◆ DATA:

———

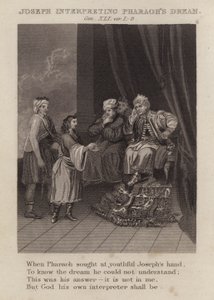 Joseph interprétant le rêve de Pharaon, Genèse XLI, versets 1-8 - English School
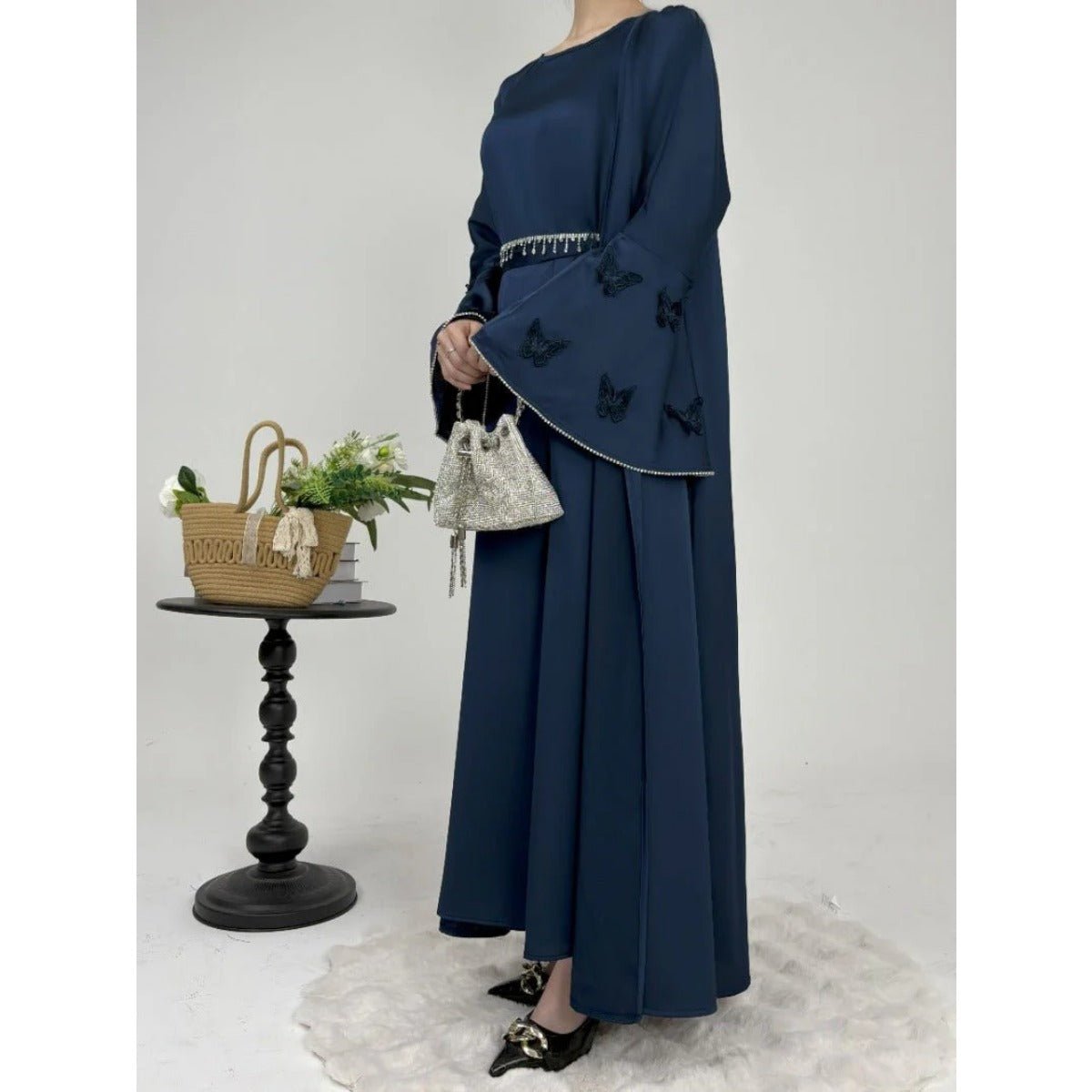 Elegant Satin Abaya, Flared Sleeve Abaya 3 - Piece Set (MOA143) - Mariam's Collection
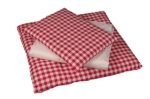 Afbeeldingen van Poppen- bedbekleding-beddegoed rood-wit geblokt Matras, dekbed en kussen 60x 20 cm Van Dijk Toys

———

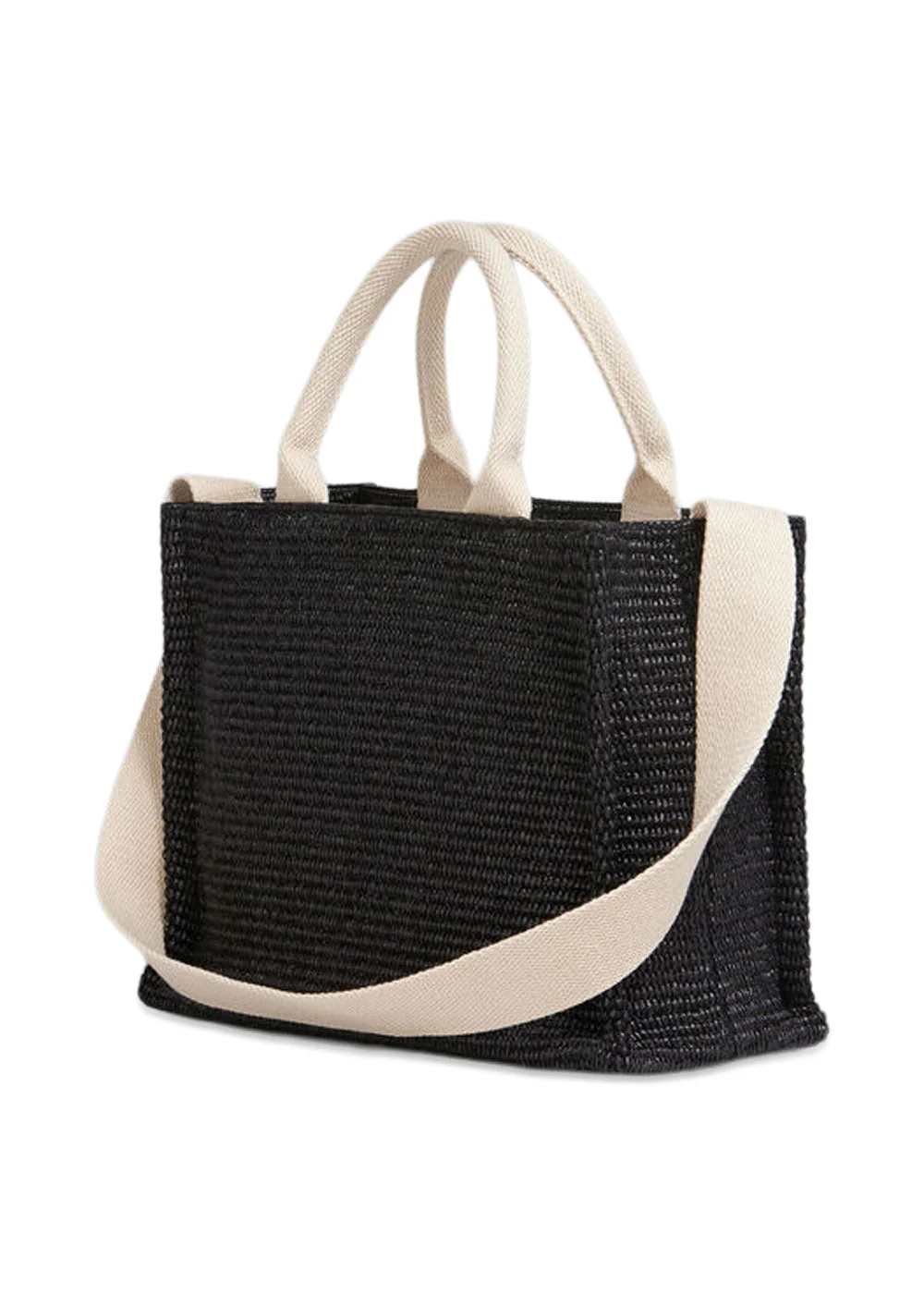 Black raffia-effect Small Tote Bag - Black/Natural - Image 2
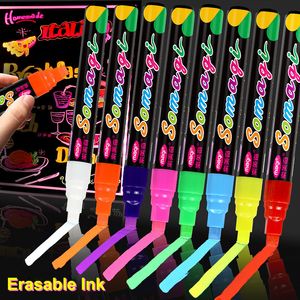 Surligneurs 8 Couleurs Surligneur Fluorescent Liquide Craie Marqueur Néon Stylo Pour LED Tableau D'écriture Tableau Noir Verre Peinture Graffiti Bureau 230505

———

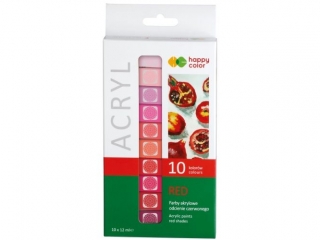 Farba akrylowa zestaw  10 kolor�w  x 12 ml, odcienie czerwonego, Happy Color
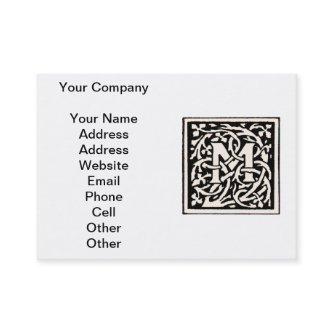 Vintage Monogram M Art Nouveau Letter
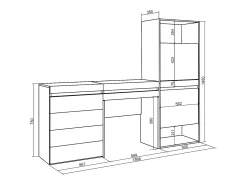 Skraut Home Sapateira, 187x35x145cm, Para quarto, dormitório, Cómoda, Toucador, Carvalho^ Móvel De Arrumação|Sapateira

———

◆ EXERCISE INSTRUCTIONS: Repeat exactly the lines above, from the line that contains "Joseph interprétant le" down through the line that contains "Afbeeldingen van Poppen- bedbekleding-beddegoed". Include both of those lines and none of the pictures.

◆ ANSWER FOR THIS EXERCISE:
 Joseph interprétant le rêve de Pharaon, Genèse XLI, versets 1-8 - English School
 Elegant Satin Abaya, Flared Sleeve Abaya 3 - Piece Set (MOA143) - Mariam's Collection
 Afbeeldingen van Poppen- bedbekleding-beddegoed rood-wit geblokt Matras, dekbed en kussen 60x 20 cm Van Dijk Toys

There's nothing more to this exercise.